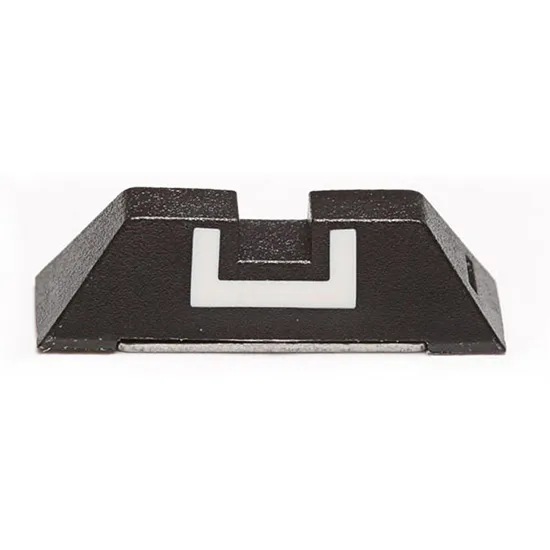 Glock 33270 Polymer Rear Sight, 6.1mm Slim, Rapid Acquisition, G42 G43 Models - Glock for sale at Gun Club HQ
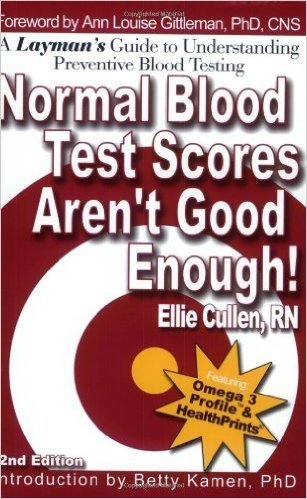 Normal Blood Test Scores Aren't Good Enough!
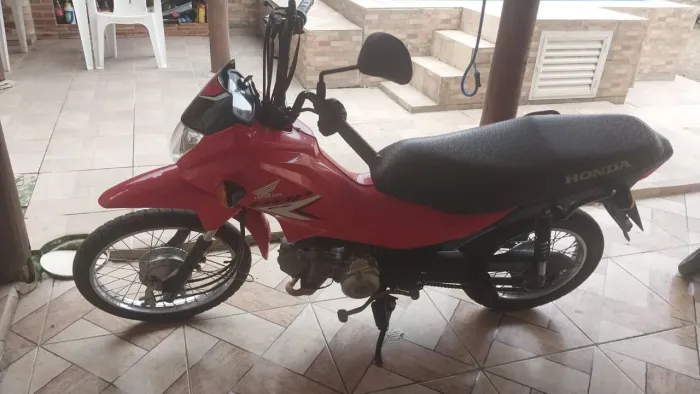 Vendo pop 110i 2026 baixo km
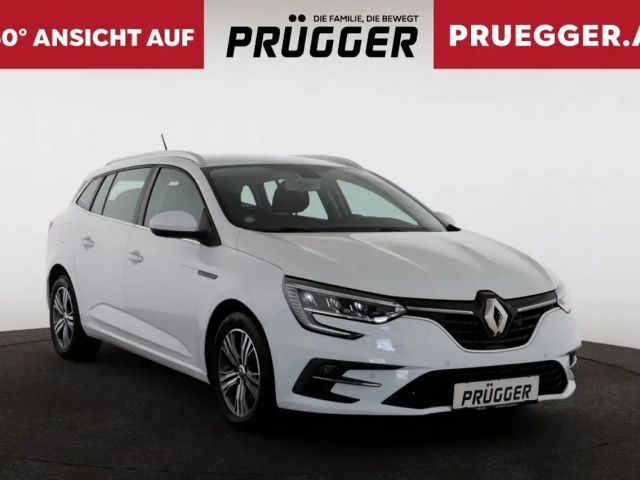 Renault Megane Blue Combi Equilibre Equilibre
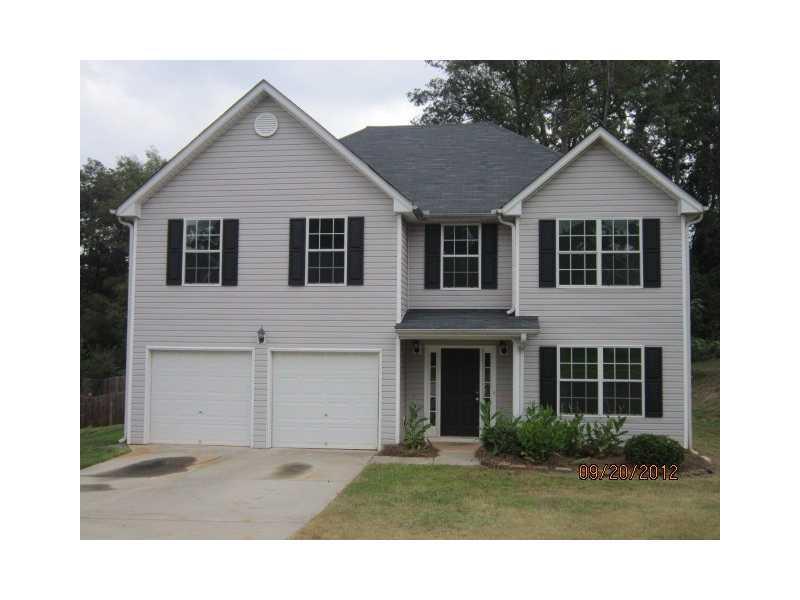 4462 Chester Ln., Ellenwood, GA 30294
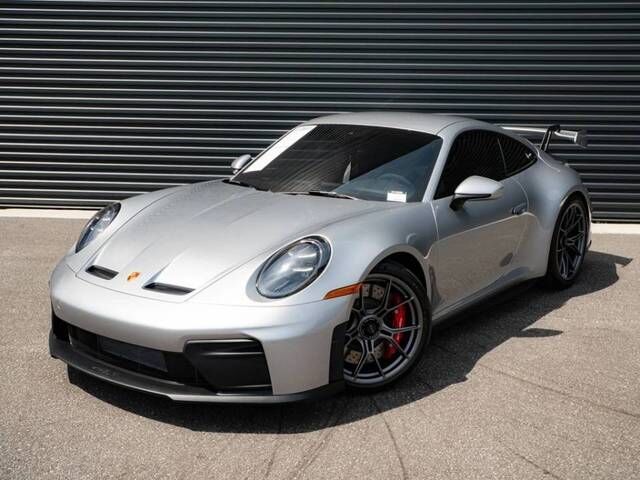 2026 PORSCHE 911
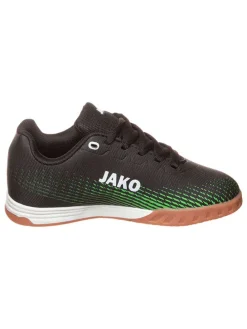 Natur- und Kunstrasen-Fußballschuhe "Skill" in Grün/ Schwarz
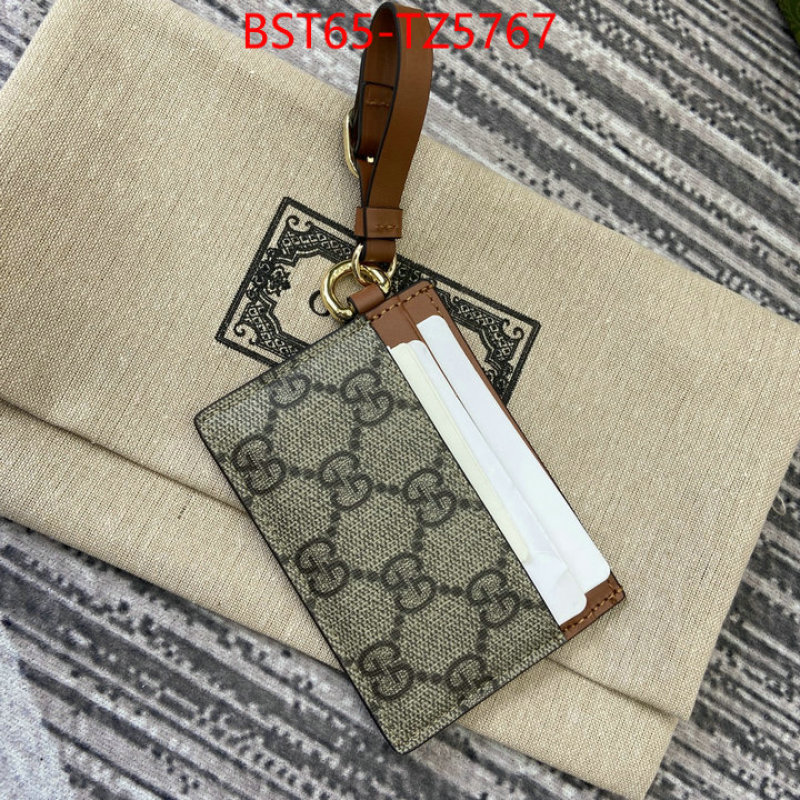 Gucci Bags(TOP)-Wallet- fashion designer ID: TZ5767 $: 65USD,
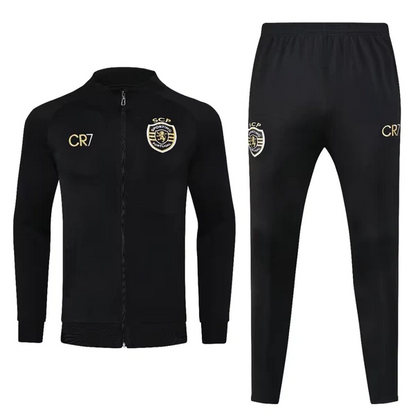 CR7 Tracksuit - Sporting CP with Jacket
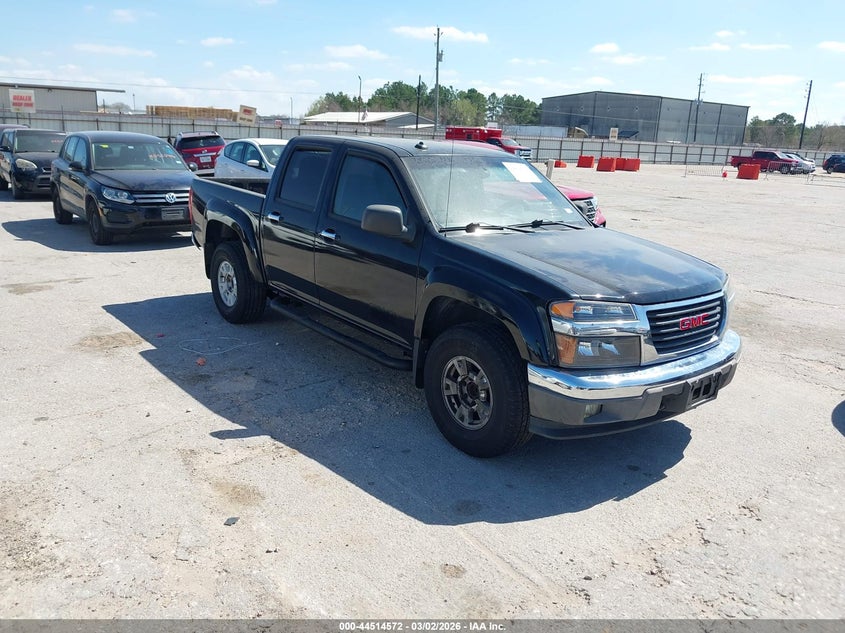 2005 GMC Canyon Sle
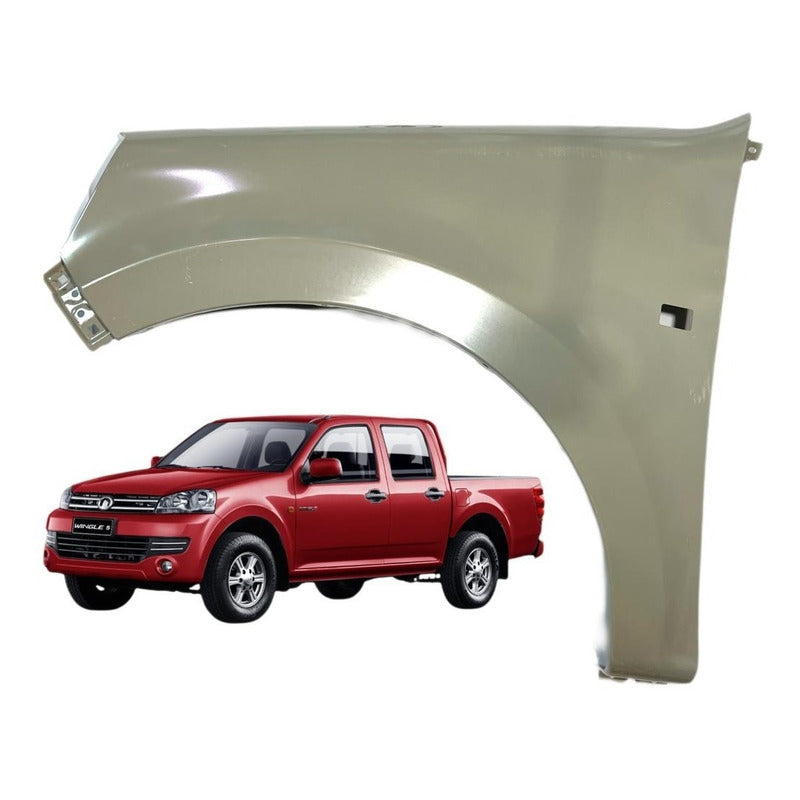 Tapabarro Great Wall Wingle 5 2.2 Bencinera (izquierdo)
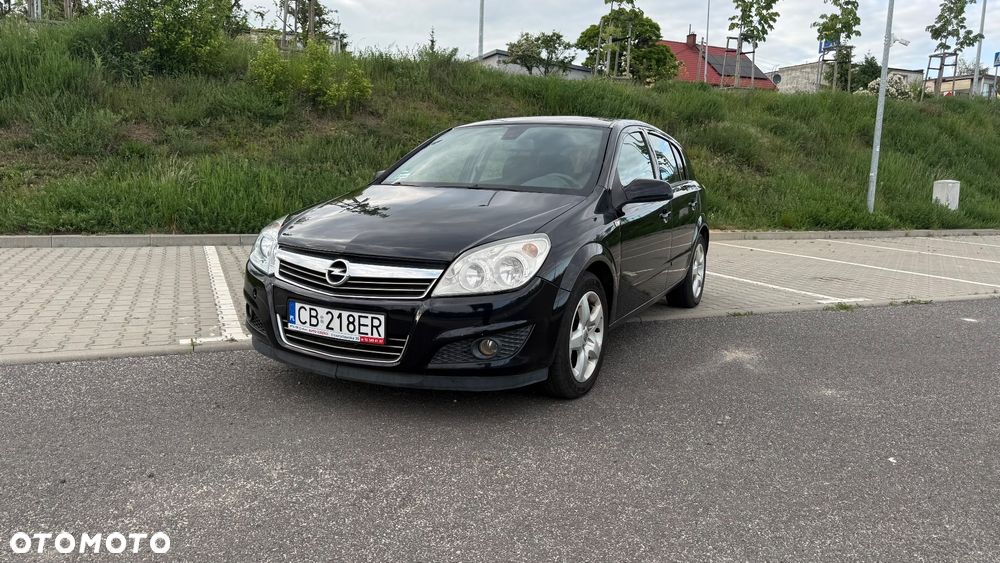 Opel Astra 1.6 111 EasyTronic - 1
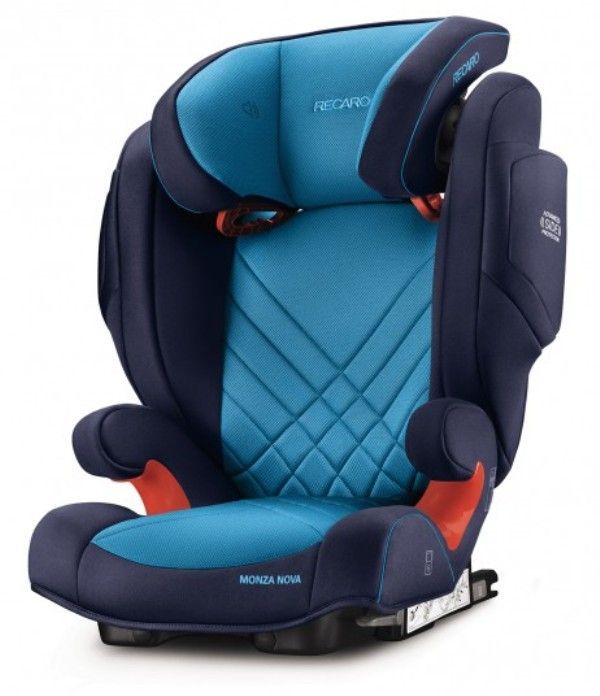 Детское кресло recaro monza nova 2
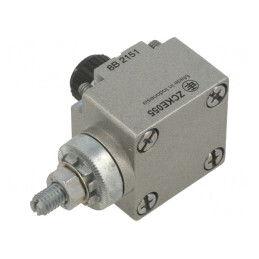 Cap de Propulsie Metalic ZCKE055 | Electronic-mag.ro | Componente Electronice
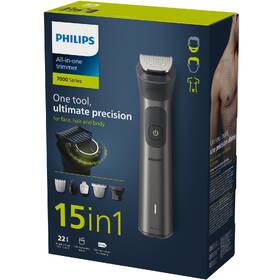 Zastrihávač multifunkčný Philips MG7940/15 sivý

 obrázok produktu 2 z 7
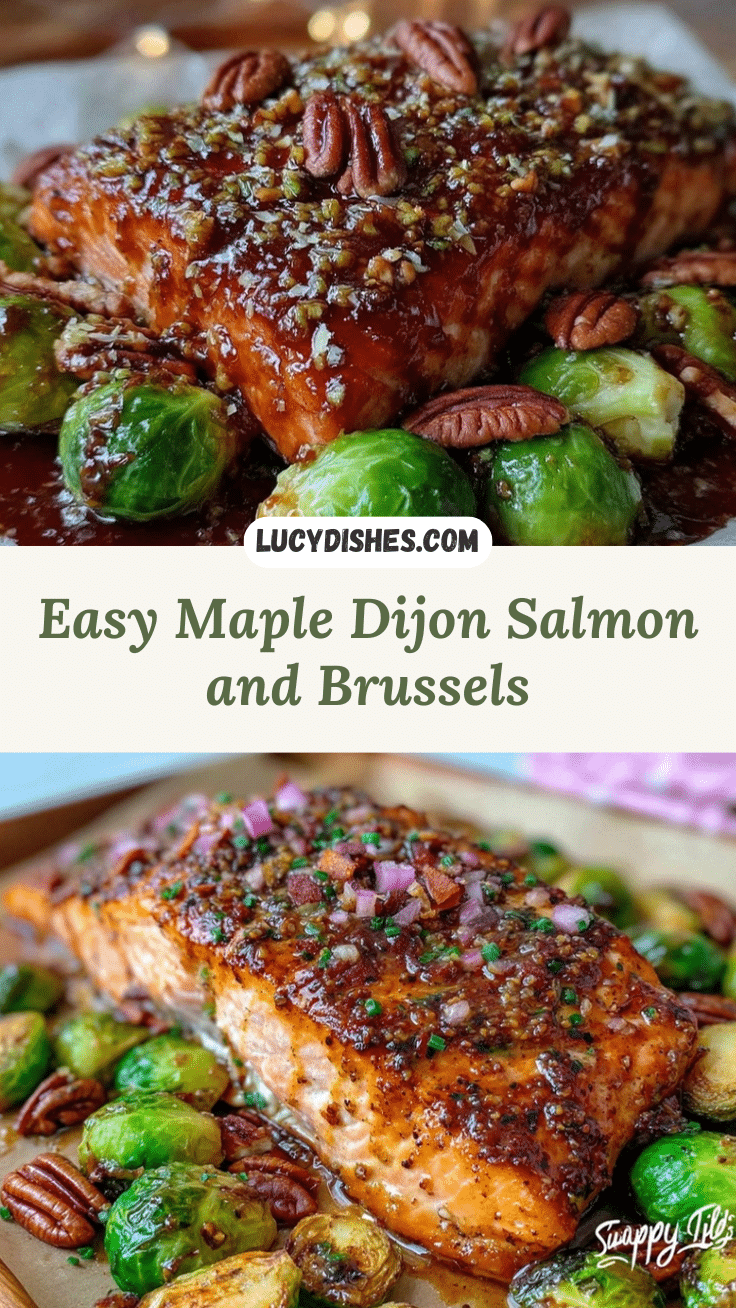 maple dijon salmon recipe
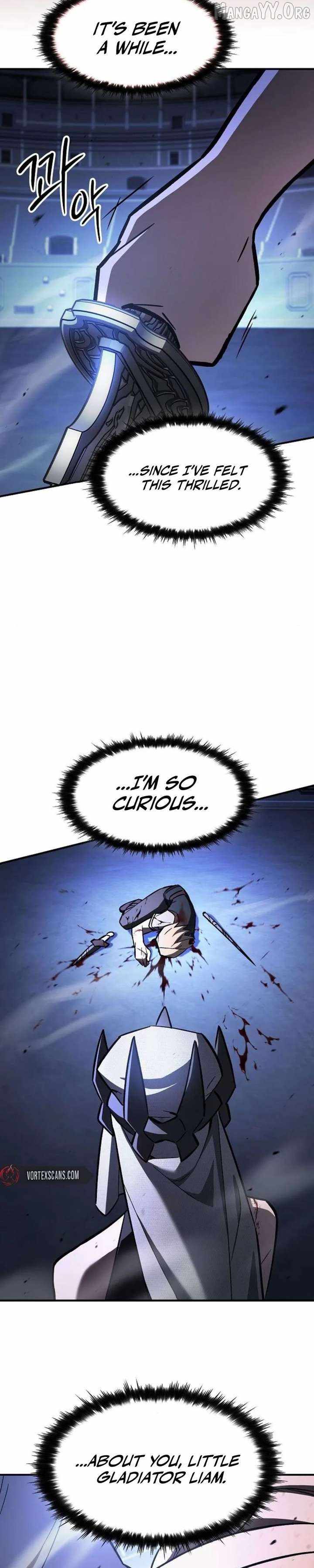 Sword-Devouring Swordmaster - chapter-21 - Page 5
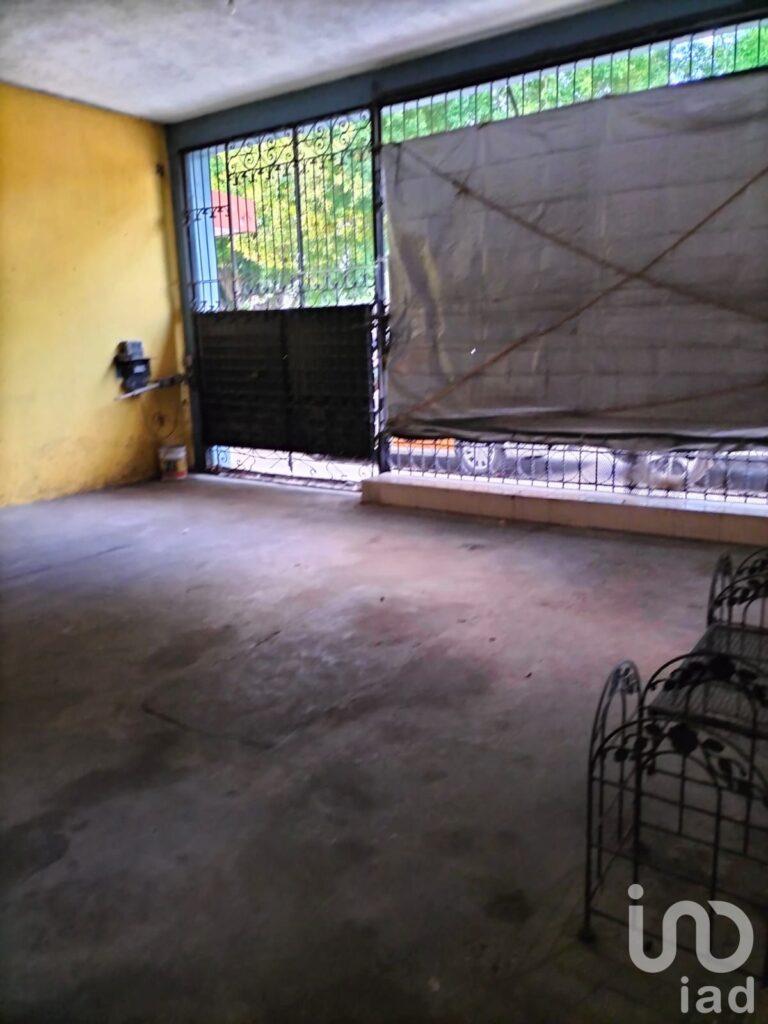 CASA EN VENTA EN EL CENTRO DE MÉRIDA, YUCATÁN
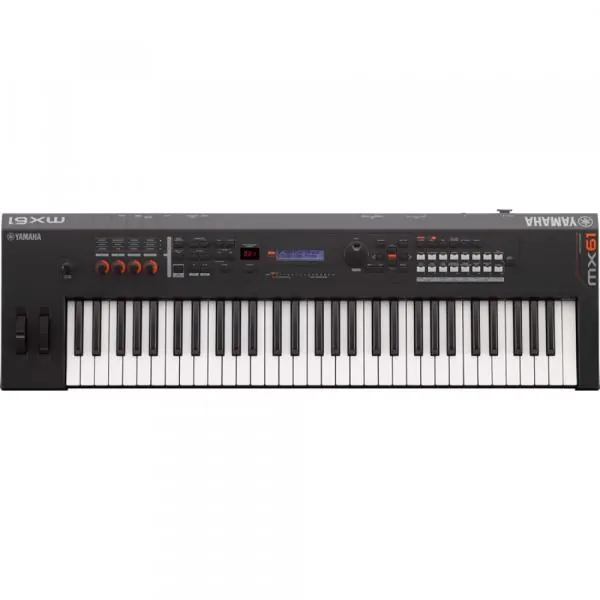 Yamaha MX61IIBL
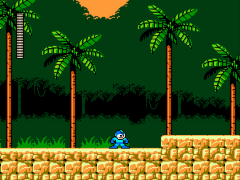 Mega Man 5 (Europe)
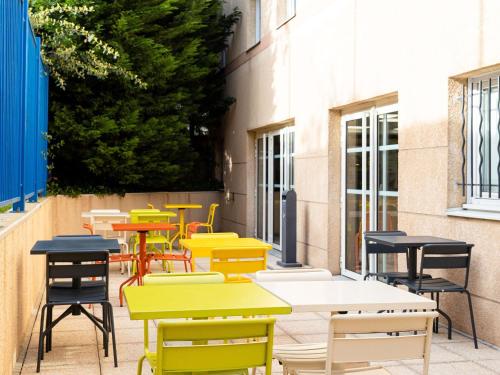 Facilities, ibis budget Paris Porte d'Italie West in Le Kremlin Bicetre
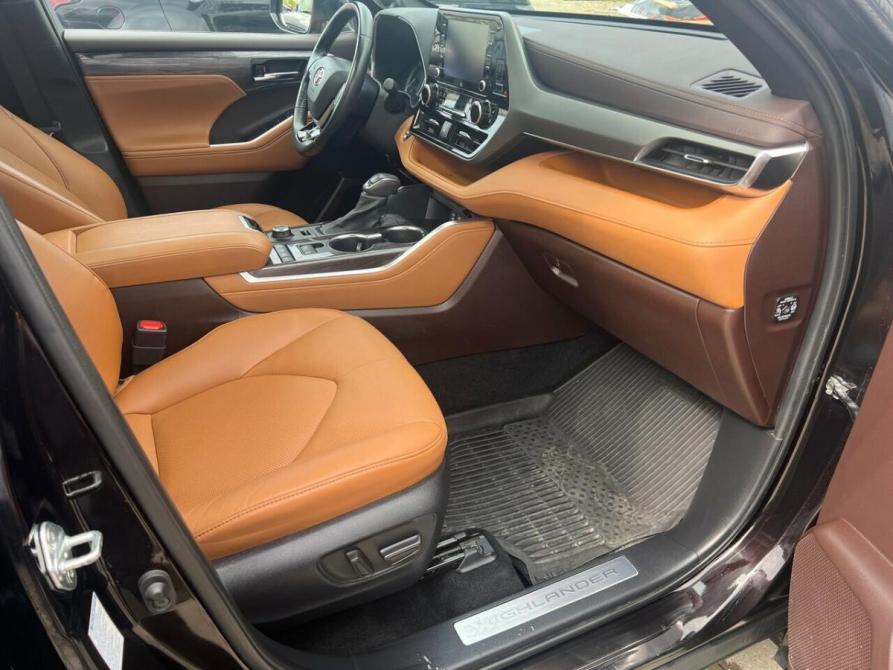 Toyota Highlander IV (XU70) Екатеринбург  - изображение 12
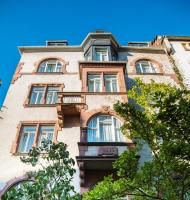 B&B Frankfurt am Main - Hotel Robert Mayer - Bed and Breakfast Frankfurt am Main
- - -
* Assignment *
In the copy, no picture may appear; the records themselves must be output exactly.

* Response area *
 Glock 33270 Polymer Rear Sight, 6.1mm Slim, Rapid Acquisition, G42 G43 Models - Glock for sale at Gun Club HQ
 Normal Blood Test Scores Aren't Good Enough!
 Vendo pop 110i 2026 baixo km
 Renault Megane Blue Combi Equilibre Equilibre
 4462 Chester Ln., Ellenwood, GA 30294
 2026 PORSCHE 911
 Natur- und Kunstrasen-Fußballschuhe "Skill" in Grün/ Schwarz
 Gucci Bags(TOP)-Wallet- fashion designer ID: TZ5767 $: 65USD,
 CR7 Tracksuit - Sporting CP with Jacket
 2005 GMC Canyon Sle
 Tapabarro Great Wall Wingle 5 2.2 Bencinera (izquierdo)
 Opel Astra 1.6 111 EasyTronic - 1
 Детское кресло recaro monza nova 2
 Cap de Propulsie Metalic ZCKE055 | Electronic-mag.ro | Componente Electronice
 Zastrihávač multifunkčný Philips MG7940/15 sivý

 obrázok produktu 2 z 7
 maple dijon salmon recipe
 Sword-Devouring Swordmaster - chapter-21 - Page 5
 CASA EN VENTA EN EL CENTRO DE MÉRIDA, YUCATÁN
 Yamaha MX61IIBL
 Mega Man 5 (Europe)
 Facilities, ibis budget Paris Porte d'Italie West in Le Kremlin Bicetre
 Toyota Highlander IV (XU70) Екатеринбург  - изображение 12
 B&B Frankfurt am Main - Hotel Robert Mayer - Bed and Breakfast Frankfurt am Main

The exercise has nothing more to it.